Aan het einde van de negentiende eeuw werd de stad groter en ingewikkelder. Steeds meer burgers vonden dat in deze moderne tijden het gemeentebestuur allerlei onmisbare voorzieningen als het openbaar vervoer, het ophalen van het vuilnis, en de levering van gas en drinkwater niet langer aan particuliere ondernemingen mocht overlaten. Die vroegen niet alleen een hoge prijs, de bedrijven bleken ook ongevoelig voor klachten.

Het gemeentebestuur wilde die verantwoordelijkheden niet, het bestuurde liever op afstand. Deze afwerende houding werd doorbroken door een nieuwe politieke groepering van jonge, vooruitstrevende liberalen: de Radicalen. De onomstreden en onvermoeibare leider van die groep was Wim Treub (1858-1931). Als wethouder van Financiën en daarna van Publieke Werken, kreeg hij de kans zijn visie op een goed en modern gemeentebestuur te realiseren.

Als eerste wist Treub de waterleiding tot een openbaar nutsbedrijf om te vormen (1896). Er kwam zo niet alleen goed drinkwater in de stad, maar de druk was ook hoog genoeg om een kraan op de tweede verdieping te bereiken. Datzelfde jaar wist hij na een spectaculaire strijd met de Nederlandsche Bell-Telephoon Maatschappij de telefoon in gemeentehanden te krijgen. Daarna volgde het gas (1898), twee jaar later de tram. De reizigers konden nu een stuk goedkoper reizen, en de gemeente deed meteen forse investeringen om de tram elektrisch te maken.

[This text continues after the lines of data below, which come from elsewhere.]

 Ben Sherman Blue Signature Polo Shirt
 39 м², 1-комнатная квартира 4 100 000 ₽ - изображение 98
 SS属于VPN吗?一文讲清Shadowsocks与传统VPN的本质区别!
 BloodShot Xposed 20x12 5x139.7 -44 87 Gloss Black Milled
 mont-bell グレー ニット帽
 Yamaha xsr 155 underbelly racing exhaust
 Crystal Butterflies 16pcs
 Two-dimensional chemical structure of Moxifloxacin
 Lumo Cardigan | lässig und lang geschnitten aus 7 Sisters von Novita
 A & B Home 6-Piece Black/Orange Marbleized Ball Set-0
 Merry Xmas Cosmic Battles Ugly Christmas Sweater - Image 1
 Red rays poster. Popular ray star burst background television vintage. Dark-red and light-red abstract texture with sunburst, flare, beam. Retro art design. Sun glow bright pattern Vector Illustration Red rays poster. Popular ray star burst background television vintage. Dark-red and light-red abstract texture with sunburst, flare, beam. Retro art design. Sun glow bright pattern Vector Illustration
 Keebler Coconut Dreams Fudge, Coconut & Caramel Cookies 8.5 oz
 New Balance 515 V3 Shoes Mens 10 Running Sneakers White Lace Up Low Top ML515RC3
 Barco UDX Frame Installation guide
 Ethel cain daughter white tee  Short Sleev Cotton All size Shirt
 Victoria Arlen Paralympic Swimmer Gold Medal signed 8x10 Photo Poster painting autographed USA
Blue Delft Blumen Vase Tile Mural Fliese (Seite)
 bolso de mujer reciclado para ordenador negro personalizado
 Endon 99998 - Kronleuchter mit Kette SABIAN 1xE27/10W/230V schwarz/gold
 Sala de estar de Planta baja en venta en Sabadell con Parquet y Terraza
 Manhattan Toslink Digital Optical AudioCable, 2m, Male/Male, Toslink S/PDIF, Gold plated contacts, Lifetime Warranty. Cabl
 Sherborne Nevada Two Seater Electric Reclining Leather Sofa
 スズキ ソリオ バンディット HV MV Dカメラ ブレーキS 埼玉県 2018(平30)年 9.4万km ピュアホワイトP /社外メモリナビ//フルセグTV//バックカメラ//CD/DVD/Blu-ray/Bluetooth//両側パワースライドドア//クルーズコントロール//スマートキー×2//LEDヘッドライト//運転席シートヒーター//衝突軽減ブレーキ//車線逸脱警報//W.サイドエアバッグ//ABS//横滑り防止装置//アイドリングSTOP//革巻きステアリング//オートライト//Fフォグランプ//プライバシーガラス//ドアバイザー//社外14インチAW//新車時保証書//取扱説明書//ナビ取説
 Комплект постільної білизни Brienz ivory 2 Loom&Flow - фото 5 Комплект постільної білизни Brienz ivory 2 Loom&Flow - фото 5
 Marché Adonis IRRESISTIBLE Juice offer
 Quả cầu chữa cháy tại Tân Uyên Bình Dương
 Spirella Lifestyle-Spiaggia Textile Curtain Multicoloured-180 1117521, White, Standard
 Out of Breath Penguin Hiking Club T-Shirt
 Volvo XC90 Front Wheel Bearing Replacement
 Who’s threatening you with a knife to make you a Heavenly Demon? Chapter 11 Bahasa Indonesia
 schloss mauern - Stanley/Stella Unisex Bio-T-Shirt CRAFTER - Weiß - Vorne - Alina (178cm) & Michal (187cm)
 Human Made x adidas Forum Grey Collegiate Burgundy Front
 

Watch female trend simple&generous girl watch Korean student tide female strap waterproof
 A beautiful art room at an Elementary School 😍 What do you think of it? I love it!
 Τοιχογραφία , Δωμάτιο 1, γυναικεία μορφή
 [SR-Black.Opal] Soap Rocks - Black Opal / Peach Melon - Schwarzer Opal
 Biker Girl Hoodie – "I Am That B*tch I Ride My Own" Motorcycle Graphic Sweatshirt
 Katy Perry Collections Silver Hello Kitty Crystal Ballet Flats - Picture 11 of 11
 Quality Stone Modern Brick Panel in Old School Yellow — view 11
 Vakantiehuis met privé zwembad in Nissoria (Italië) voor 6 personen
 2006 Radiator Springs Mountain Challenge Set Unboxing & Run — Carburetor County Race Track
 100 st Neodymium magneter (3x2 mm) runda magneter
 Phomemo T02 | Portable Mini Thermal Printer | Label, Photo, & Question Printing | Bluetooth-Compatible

Het leven in de stad verbeterde, maar voor de allerarmsten niet voldoende. Vooral hun huisvesting was zorgwekkend. In de Jordaan, de eilanden en de ‘jodenhoek’ rond het Waterlooplein leefden gezinnen op elkaar gepakt in vochtige, duistere kelderwoningen, in haveloze krotten vol ongedierte. En de stad groeide nog steeds – van 467.000 inwoners in1896 naar 718.000 in 1925 –, waardoor verkrotting en overbewoning alleen nog maar toenamen. Nieuwe en vooral betaalbare huizen waren er niet.

Dat probleem kon alleen opgelost worden met enorme inspanningen en grote subsidies van de overheid. En het was de sociaal-democratische wethouder F.M. Wibaut (1859-1936) die dat aanpakte en van Amsterdam ‘het Mekka van de volkshuisvesting’ wist te maken. Alleen al tussen 1917 en 1922 zette de gemeente samen met de woningbouwverenigingen bijna 6500 woningen neer, met name in de Transvaalbuurt en Betondorp. In de jaren daarna zou er om de oude binnenstad heen en in Amsterdam-Noord een grote cirkel van arbeiderswijken verrijzen. In verkiezingscampagnes werd dat samengevat onder de leus ‘Wie bouwt? Wibaut!’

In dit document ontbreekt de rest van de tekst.